On the other hand, the degree of anisotropy was evaluated by anisotropic dispersion σ. Here, the analysis of the anisotropic dispersion σ, that is, the anisotropy (C-axis) distribution of the aligned rare earth-iron-based magnet powders, is the total energy E = Ku · sin ² λ−Ms · H · cos ( First, λ is determined from a solution that minimizes the total energy E of the cylindrical magnet at (λ−λo), that is, (δE / δλ) = Ku · sin ² λ−Ms · H · sin (λ−λo) = 0. Then, the M-H loop in which M is maximized from M = Ms cos (λo−λ) was measured by a sample vibration magnetometer (VSM). Further, Ku sin ² λ−Ms · H · sin (λo−λ) = 0 was obtained from λ, and the overall orientation state, that is, anisotropic dispersion σ was obtained by applying the probability distribution of λ. Where λo is the angle of the external magnetic field, λ is the angle at which Ms is rotated, Ms is the spontaneous magnetic moment, Ku is the magnetic anisotropy constant, and E is the total energy. As a result, as shown in Table 1, the angles at which the magnetization Ms is maximum in all directions of the cylindrical samples 11, 12, 13 and 21, 22, 23, that is, H _θ and M _θ are substantially equal, and the cylindrical samples The difference between the anisotropic dispersions σ of the cylindrical samples 21, 22, and 23 at the positions corresponding to 11, 12, and 13 is 13 and 24, that is, the maximum when the anisotropy is direction-controlled from the plane perpendicular to the plane. However, the difference was 7% or less. This level is the same considering the measurement error, and the inner and outer peripheral surfaces of the gelled self-healing segment are constrained, the fracture surface is generated according to heat and external force, and the effect is based on the slip deformation. This suggests that it is possible to control the anisotropic direction based on the self-healing action in which only the direction of anisotropy changes without breaking the degree of.

10-1: self-recoverable segment cross section 10-2 with the origin o: segments were self-healing cross Hex: the external magnetic field H _theta: 10-1 angle formed between the outer peripheral tangent Hex of M _theta: 10-2 periphery tangent Cylinder samples obtained from angles 11, 12, 13: 10-1 formed with the C-axis 21, 22, 23: 10-2

Claims (6)

A microstructure in which one or two or more aligned rare earth-iron magnet powders are immobilized in a cross-linking reaction phase, and the cross-linking reaction phase and a slip deformation phase based on viscous flow are chemically bonded between the powders. Constrains the inner and outer peripheral surfaces of the segment with a matrix containing, breaks the surface by a self-healing action based on slip deformation and crosslinking reaction according to heat and external force, and integrates the segments as necessary to make it rigid. Self-repairing rare earth-iron magnet. One or two or more kinds of rare earth-iron-based magnet powders have a maximum energy product (BH) _max of 250 kJ / m ³ or more and a volume fraction of 80 vol.

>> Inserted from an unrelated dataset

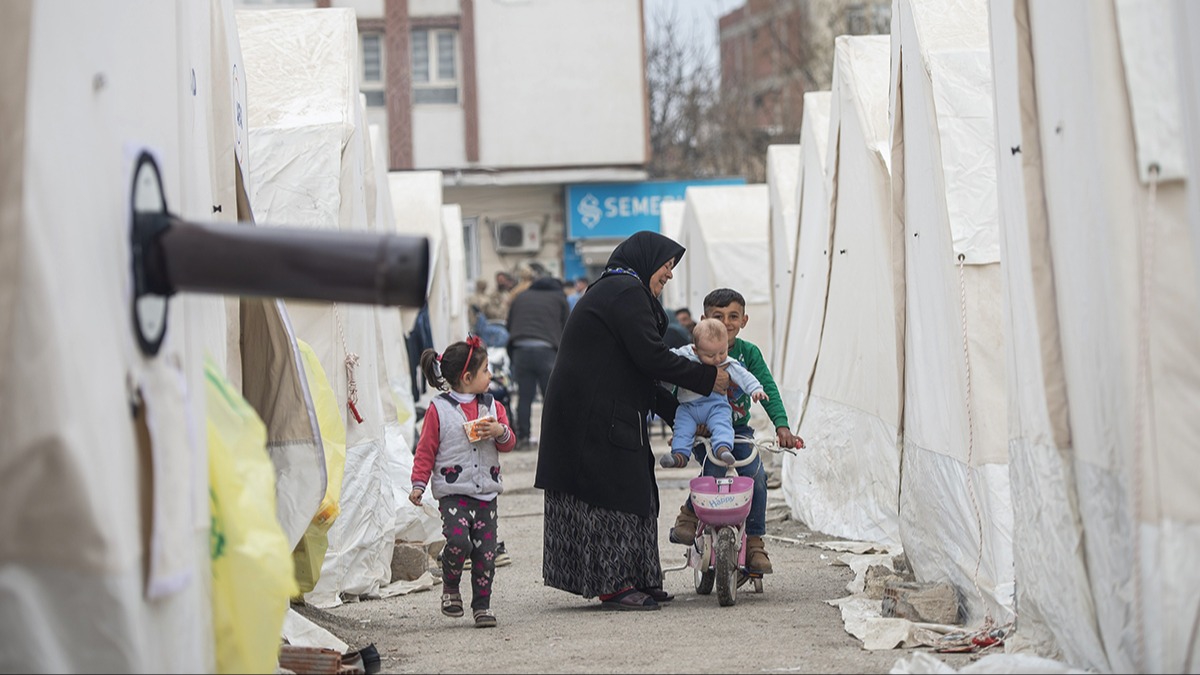 Deprem blgesi iin hayati uyar! AFAD: Tedbirli olunmal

The self-repairing rare earth-iron magnet according to claim 1, which is at least%. The total volume fraction of the rare earth-iron-based magnet powder, the crosslinking reaction phase, and the slip deformation phase is 97 vol. % Or more and voids of 3 vol. The self-repairing rare earth-iron magnet according to claim 1, which is not more than%. The self-repairing rare earth-iron magnet according to claim 1, wherein the difference in the maximum magnetization M _max of the segment and the corresponding magnet is 0.03 T or less and the difference in anisotropic dispersion σ is 7% or less. Remanence Mr 0.95 T or more, the coercive force HcJ 0.95 MA / m or _{more, (BH) max 160 kJ /} m 3 or more in self-recoverable rare-earth according to claim 1, wherein - an iron-based magnet. The self-repairing rare earth-iron magnet according to claim 1, wherein a magnetic circuit with an iron core is formed with an annular shape such as an arc shape or a cylindrical shape, a pole pair number of 1 or more, and a permeance coefficient Pc of 3 or more.